Child abuse is cultural


Almost 40 years ago, I was working in my brother-in-law’s pizza and ice cream shop on the Main Line. (In case you don’t know, this is where a lot of the Philadelphia area’s 1% live.) One day, an older guy came in with his two little grandkids, a boy and a girl. The girl was maybe two or three, the boy about four. The boy was standing on his tip-toes, eager to make his choice.

“Can I help you?” I said, leaning over the counter to see him.

As he opened his mouth, the grandfather hauled off and slapped the kid so hard, his head hit the floor. “I said, ladies first!” he roared. Well. I wasn’t about to let this pass.

“How dare you hit that child?” I said, coming from behind the counter to yell at him. I called him a bunch of names (“sick, twisted old fuck” seems to ring a bell) and told him if he hit the kid again, I would call the police.

After he left in a huff, my brother-in-law told me he was the CEO or president (I forget what) of Sun Oil, which was headquartered nearby.

“I don’t care who he is,” I said. “You don’t get to hit children like that.”

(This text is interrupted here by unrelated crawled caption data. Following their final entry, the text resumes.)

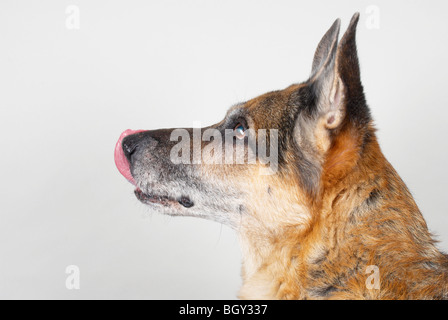 Berger Allemand / alsacien Banque D'Images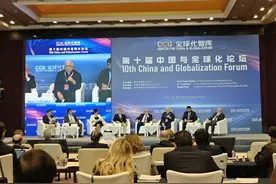 多国代表在京共议巴以局势：巴勒斯坦必须被承认为一个国家图片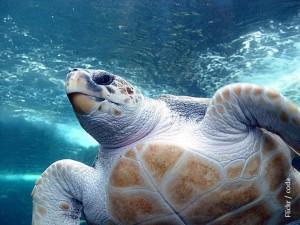 Loggerhead sea turtle. Photo by Damien du Toit.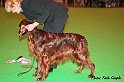 crufts200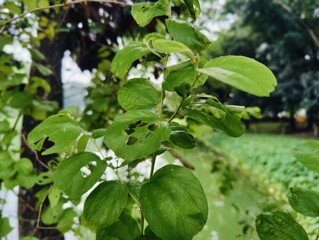 Close-up of fresh green leaves growing on a branch in daylight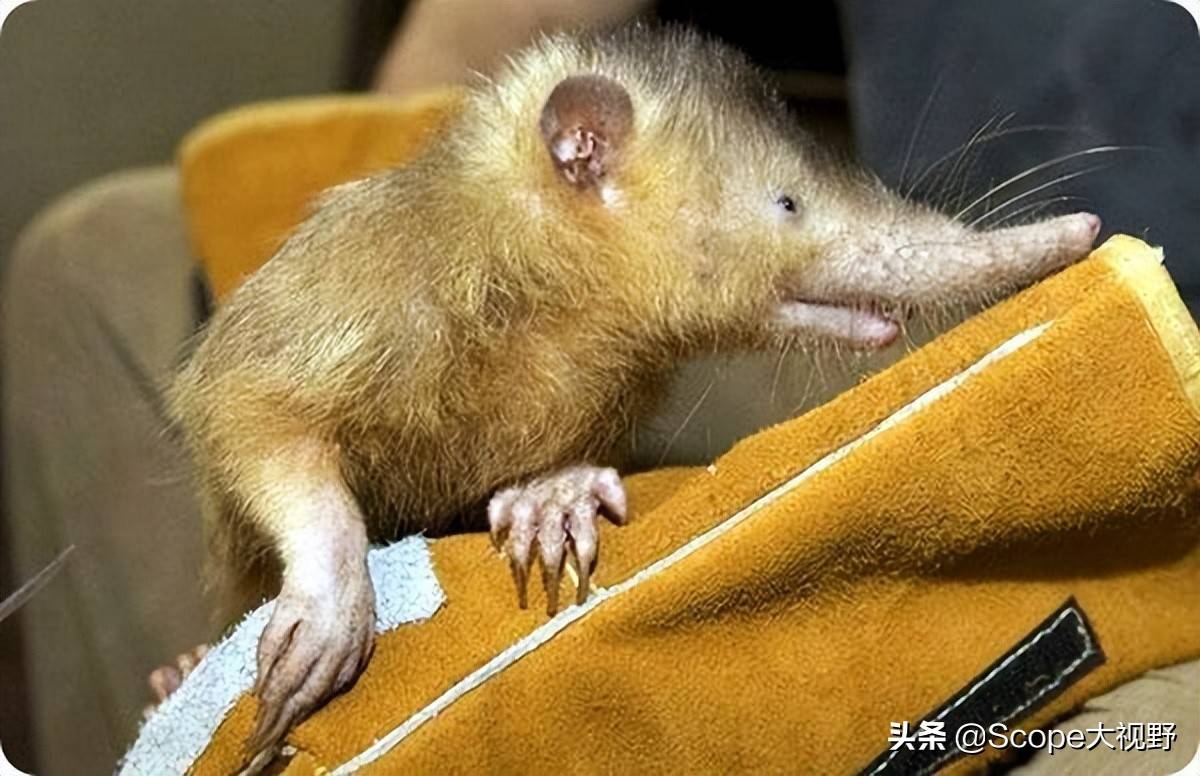 原创盘点十种稀奇古怪的动物你绝对没见过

3 thoughts on “Child abuse is cultural

  1. Type A personalities have a “my way or the highway” mentality. Most of our fearless leaders in government, the private sector and in the military are Type-A people. When they don’t get their way they strike out. As in knocking a kid to the floor or by dropping bombs on people. Maybe the time has come to put the Type B folks in charge for awhile? Or maybe it’s time that we just got rid of all of the leaders and run the show ourselves?